「なぜ結婚しない」「やせた方が…」セクハラ発言の利用者が嫌い【お悩み相談室】
構成/中寺暁子
東京都認知症介護指導者でデイサービススタッフの坂本孝輔さんが、高齢者や介護の様々な悩みに答えます。
Q.デイサービスに勤務しているのですが、利用者の中に嫌いな認知症の男性(81歳)がいます。「なぜ結婚していないのか」「もっとやせたほうがかわいい」などセクハラ発言が多く、先輩からは「認知症だから仕方ない」と言われますが、顔を見るだけで憂うつです(29歳・女性)
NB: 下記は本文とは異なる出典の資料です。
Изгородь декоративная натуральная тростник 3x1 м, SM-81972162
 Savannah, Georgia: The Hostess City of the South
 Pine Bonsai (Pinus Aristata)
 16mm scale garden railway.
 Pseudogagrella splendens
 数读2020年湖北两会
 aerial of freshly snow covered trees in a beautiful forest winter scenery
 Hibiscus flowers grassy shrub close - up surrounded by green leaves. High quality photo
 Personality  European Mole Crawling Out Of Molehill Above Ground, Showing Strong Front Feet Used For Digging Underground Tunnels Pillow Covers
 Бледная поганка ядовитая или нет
A.相談者は「利用者の男性を嫌い」ということを自覚しているところがいいなと思いました。この仕事は「利用者のことを嫌いになってはいけない」「利用者のことを感情的に区別してはいけない」と思われがちです。そのため、たとえ嫌いでもそれを口に出しにくい職場の雰囲気になっている場合があります。しかし、大事なのは嫌いだということを自覚したうえで、冷静にその嫌いな利用者とどのように接するのかを考えることです。無理に利用者のいいところを見つけようとしても、ストレスがたまるだけです。
まずは上司に相談して、職場全体の問題として捉えてもらうべきことだと思います。できれば、セクハラ発言が理由で利用者を嫌いなこと、顔を見るものつらいことを職場で共有してもらえるといいですね。セクハラ発言をされたときは同僚に対応を代わってもらったり、フォローの言葉をかけてもらったりするだけで、周囲に守られているような感じがしてストレスは減るのではないかと思います。
「認知症だから仕方ない」と先輩が言うように、確かに認知症だからこうした発言をしてしまうという可能性もあります。脳の理性を司る部分の機能が低下すると、思ったことがすぐに言葉に出てしまったり、性的な面も含めて欲求を抑えられなくなったりします。認知症になる前は、こうしたデリカシーのない発言はしない人だったかもしれません。以前はどういう人だったのか、どんな仕事をしていたのかということを家族にリサーチすると、発言の捉え方も変わるのではないでしょうか。
とはいえ、相手が認知症だから我慢しなければならない、ということではありません。私自身もデイサービスのスタッフとして働いているので、以前は嫌いな利用者がいたこともありました。そんなときは利用者とスタッフの関係性というよりも対等な立場で、失礼にならない範囲で注意すべきことは伝えていました。その様子が、周囲のスタッフからは逆に仲がよさそうに見えたようです。ただ、この方法は人との距離の取り方や関係性によって難しい場合も多いと思います。まずは周囲にフォローしてもらうことをおすすめします。
【まとめ】セクハラ発言が多く、顔を見るだけで憂うつになる利用者がいるときには?
- 上司に相談して職場全体の問題として捉えてもらう。